Scalability with objective dimension \(M\): Experiments focused on 2–3 objectives common in Off-MOO-Bench. Whether Pareto dominance sparsity, preference simplex sampling, and \(\text{IGD}_{\text{offline}}\) computation remain manageable for many-objective optimization (large \(M\)) is not fully verified.
Training cost of nested bi-level optimization: Alternating inner/outer loops plus Langevin sampling for the energy model is heavier than single-layer PSL. The paper lacks runtime/resource comparisons with baselines (some baselines are marked N/A due to runtime/memory limits).
Future Directions: Adaptive adjustment of risk momentum \(c\) and shift amount \(\beta\); extending the method to mixed/discrete design spaces; exploring lighter risk estimation alternatives to energy models.

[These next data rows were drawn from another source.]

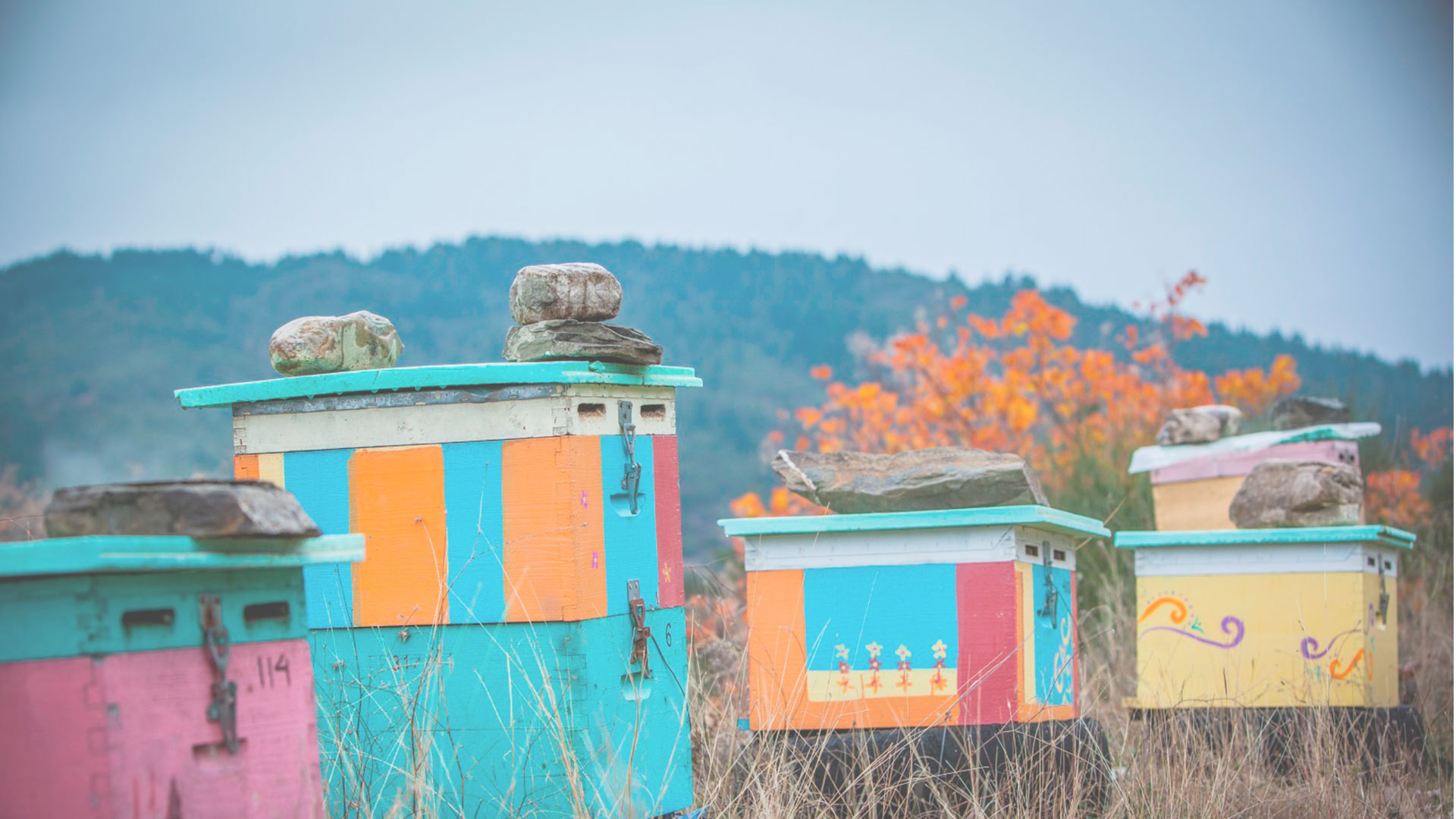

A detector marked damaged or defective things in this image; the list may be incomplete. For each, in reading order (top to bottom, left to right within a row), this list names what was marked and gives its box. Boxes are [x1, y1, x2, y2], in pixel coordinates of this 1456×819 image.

rusty metal latch [616, 400, 640, 516]
rusty metal latch [202, 592, 241, 752]
rusty metal latch [622, 576, 652, 679]
rusty metal latch [1037, 540, 1056, 625]
rusty metal latch [1377, 552, 1389, 625]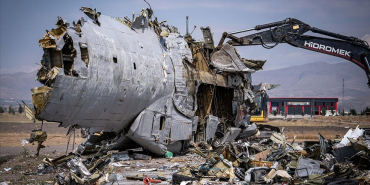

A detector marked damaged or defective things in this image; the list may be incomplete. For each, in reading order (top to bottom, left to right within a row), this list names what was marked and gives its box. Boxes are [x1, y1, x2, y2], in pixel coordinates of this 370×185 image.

vs. Single-objective Offline Optimization (COMs / IOMs / Tri-Mentoring): These rely on surrogate conservatism to penalize OOD overestimation but show poor diversity when naively extended to MOO. DOMOO embeds risk control into preference updates and explicitly optimizes diversity.
vs. Online MOO (MOBO / Evolutionary Algorithms): Online methods rely on active queries to remain immune to OOD, while they are crippled by OOD errors in offline settings (multiple N/A in tables). DOMOO uses surrogates and risk control without any queries.
vs. PSL Methods (PSL-MOBO / EPS / CDM-PSL): These mostly rely on Gaussian Process surrogates designed for online settings and suffer severe OOD offline. DOMOO’s Nested PSL + Risk Control is specifically restructured for offline scenarios, supplemented by an offline-specific diversity metric.

Rating¶

Novelty: ⭐⭐⭐⭐⭐ "Risk coupling into preference gradients + offline-exclusive IGD" is a substantial new solution for offline MOO.
Experimental Thoroughness: ⭐⭐⭐⭐ Comprehensive metrics and ablation on 5 Off-MOO-Bench task categories; lacks runtime and high-dimensional comparisons.
Writing Quality: ⭐⭐⭐⭐ Clear logic from motivation to mechanism; some formulas are dense.
Value: ⭐⭐⭐⭐⭐ Offline MOO (protein/molecule design) has significant real-world impact; method is reusable.